Data shown below:

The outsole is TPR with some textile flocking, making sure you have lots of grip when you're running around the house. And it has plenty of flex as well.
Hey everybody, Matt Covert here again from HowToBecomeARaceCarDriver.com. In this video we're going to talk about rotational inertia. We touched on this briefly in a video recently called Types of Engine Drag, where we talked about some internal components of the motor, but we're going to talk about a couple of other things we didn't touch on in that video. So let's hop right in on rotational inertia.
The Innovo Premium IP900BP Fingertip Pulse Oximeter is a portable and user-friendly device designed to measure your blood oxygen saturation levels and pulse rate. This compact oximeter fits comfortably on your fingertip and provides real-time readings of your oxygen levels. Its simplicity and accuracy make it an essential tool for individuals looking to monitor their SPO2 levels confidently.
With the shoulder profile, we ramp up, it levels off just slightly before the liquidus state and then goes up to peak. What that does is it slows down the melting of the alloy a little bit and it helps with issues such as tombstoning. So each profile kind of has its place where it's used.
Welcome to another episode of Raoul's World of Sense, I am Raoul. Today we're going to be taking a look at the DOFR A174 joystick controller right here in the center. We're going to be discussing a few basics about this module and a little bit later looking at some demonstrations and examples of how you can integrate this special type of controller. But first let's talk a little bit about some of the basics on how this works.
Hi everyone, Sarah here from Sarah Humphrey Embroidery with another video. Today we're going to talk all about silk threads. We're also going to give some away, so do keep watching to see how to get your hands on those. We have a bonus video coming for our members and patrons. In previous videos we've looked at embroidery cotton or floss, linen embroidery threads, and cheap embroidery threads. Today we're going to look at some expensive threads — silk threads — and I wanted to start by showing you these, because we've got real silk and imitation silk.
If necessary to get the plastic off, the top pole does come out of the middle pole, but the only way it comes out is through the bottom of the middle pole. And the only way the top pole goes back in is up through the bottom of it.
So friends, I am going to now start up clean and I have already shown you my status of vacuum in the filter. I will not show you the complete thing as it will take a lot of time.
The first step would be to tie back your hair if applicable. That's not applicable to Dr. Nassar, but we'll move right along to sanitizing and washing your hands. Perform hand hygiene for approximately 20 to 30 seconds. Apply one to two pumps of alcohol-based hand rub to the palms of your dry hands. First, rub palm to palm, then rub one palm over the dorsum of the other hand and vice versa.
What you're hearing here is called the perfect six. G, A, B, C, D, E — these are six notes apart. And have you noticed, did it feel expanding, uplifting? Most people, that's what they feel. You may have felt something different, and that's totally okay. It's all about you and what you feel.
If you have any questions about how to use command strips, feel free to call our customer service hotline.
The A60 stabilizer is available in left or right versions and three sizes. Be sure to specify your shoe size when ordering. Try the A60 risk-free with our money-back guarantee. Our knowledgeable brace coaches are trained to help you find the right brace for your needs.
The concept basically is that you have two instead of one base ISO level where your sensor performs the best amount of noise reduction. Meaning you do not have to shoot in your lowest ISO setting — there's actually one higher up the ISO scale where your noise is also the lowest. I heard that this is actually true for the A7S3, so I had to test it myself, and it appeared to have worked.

End of Data shown.

Directions: The answer must reproduce all of the entries exactly.

Response:
The outsole is TPR with some textile flocking, making sure you have lots of grip when you're running around the house. And it has plenty of flex as well.
Hey everybody, Matt Covert here again from HowToBecomeARaceCarDriver.com. In this video we're going to talk about rotational inertia. We touched on this briefly in a video recently called Types of Engine Drag, where we talked about some internal components of the motor, but we're going to talk about a couple of other things we didn't touch on in that video. So let's hop right in on rotational inertia.
The Innovo Premium IP900BP Fingertip Pulse Oximeter is a portable and user-friendly device designed to measure your blood oxygen saturation levels and pulse rate. This compact oximeter fits comfortably on your fingertip and provides real-time readings of your oxygen levels. Its simplicity and accuracy make it an essential tool for individuals looking to monitor their SPO2 levels confidently.
With the shoulder profile, we ramp up, it levels off just slightly before the liquidus state and then goes up to peak. What that does is it slows down the melting of the alloy a little bit and it helps with issues such as tombstoning. So each profile kind of has its place where it's used.
Welcome to another episode of Raoul's World of Sense, I am Raoul. Today we're going to be taking a look at the DOFR A174 joystick controller right here in the center. We're going to be discussing a few basics about this module and a little bit later looking at some demonstrations and examples of how you can integrate this special type of controller. But first let's talk a little bit about some of the basics on how this works.
Hi everyone, Sarah here from Sarah Humphrey Embroidery with another video. Today we're going to talk all about silk threads. We're also going to give some away, so do keep watching to see how to get your hands on those. We have a bonus video coming for our members and patrons. In previous videos we've looked at embroidery cotton or floss, linen embroidery threads, and cheap embroidery threads. Today we're going to look at some expensive threads — silk threads — and I wanted to start by showing you these, because we've got real silk and imitation silk.
If necessary to get the plastic off, the top pole does come out of the middle pole, but the only way it comes out is through the bottom of the middle pole. And the only way the top pole goes back in is up through the bottom of it.
So friends, I am going to now start up clean and I have already shown you my status of vacuum in the filter. I will not show you the complete thing as it will take a lot of time.
The first step would be to tie back your hair if applicable. That's not applicable to Dr. Nassar, but we'll move right along to sanitizing and washing your hands. Perform hand hygiene for approximately 20 to 30 seconds. Apply one to two pumps of alcohol-based hand rub to the palms of your dry hands. First, rub palm to palm, then rub one palm over the dorsum of the other hand and vice versa.
What you're hearing here is called the perfect six. G, A, B, C, D, E — these are six notes apart. And have you noticed, did it feel expanding, uplifting? Most people, that's what they feel. You may have felt something different, and that's totally okay. It's all about you and what you feel.
If you have any questions about how to use command strips, feel free to call our customer service hotline.
The A60 stabilizer is available in left or right versions and three sizes. Be sure to specify your shoe size when ordering. Try the A60 risk-free with our money-back guarantee. Our knowledgeable brace coaches are trained to help you find the right brace for your needs.
The concept basically is that you have two instead of one base ISO level where your sensor performs the best amount of noise reduction. Meaning you do not have to shoot in your lowest ISO setting — there's actually one higher up the ISO scale where your noise is also the lowest. I heard that this is actually true for the A7S3, so I had to test it myself, and it appeared to have worked.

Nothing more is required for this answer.